School Days

  At age seven my idle days were about over. The one room school at Smith Corner was just over a small hill, but it seemed to me to be quite a journey to get there. My grandfather went with me the first day and it was a terrible experience for me. In fact I missed so many days that my mother took me out of school for the first year and I never did get to first grade until I was eight. At that time, you did not need to start until you were eight. The next year I started to school in first grade and did not miss a day from then on until I got the measles in my senior year in high school.

  Days in school went swiftly because of the things we needed to do. In the winter there was the coal bucket to fill several times a day to heat the stove in the center of the room. Then there were erasers to clean and water to be brought from the spring down at Harry Mills. Then there were the recesses and the lunch hour when we could play ball, or hide and seek. Having eight grades in one room was mass confusion at times, but we all seemed to learn. To make sure that I did not fall behind, my mother taught me a lot at home.

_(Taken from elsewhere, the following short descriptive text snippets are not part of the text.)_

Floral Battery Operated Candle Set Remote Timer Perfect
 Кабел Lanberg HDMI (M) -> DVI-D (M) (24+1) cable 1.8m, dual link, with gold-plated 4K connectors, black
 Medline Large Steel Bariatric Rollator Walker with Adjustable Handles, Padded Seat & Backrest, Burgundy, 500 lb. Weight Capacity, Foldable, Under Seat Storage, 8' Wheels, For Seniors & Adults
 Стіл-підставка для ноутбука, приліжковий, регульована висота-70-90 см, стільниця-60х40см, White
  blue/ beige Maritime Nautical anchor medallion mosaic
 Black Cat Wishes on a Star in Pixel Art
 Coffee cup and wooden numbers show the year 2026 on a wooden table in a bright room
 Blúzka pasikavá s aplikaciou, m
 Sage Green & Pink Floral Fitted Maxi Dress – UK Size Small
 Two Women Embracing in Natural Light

  The teachers were a guide to our future lives because most children looked up to them. One of the exercises that I remember occurred in eighth grade. Mr. Collary was introducing something never tried before. He fastened two aluminum pans together, and then fastened them to a pole and called it a microphone. We had then was a radio broadcasting station. A program was developed for our "station". Some kids had recitations and poems to present. Space was also made on the program so that if someone wanted to sing, they could. I was picked to be the announcer. Another of Mr. Collary's teaching innovations was having the eighth graders grade papers.

  Copying other peoples work was prevalent in those days. We had three boys in grade three who did just that. The papers turned in were exactly the same including the name on the top of the paper. Jess Smith learned to spell his name, but he spelled it JESF so Chalmer Stiffler and Kenneth Weyandt spelled theirs JESF also.

  After the school day was over, the children would dothings together before going home. We sometimes went down to the church. There, Miss Braun had special things for the younger children, like memorizing verses in the Bible. She would give little card pictures to the ones who did. After Miss Braun dismissed us, we usually went over to the Emanuel Smith property, which was the old Jacob Schmitt homestead. Emanuel, everyone called him Man Smith, lived there with his sister Minnie and brother Calvin. They had a small store in a section of the house where they sold things. Our interest was the cookie shelf where you could buy five for a penny. The fact that the cookies were stale did not matter to eight and nine year old children.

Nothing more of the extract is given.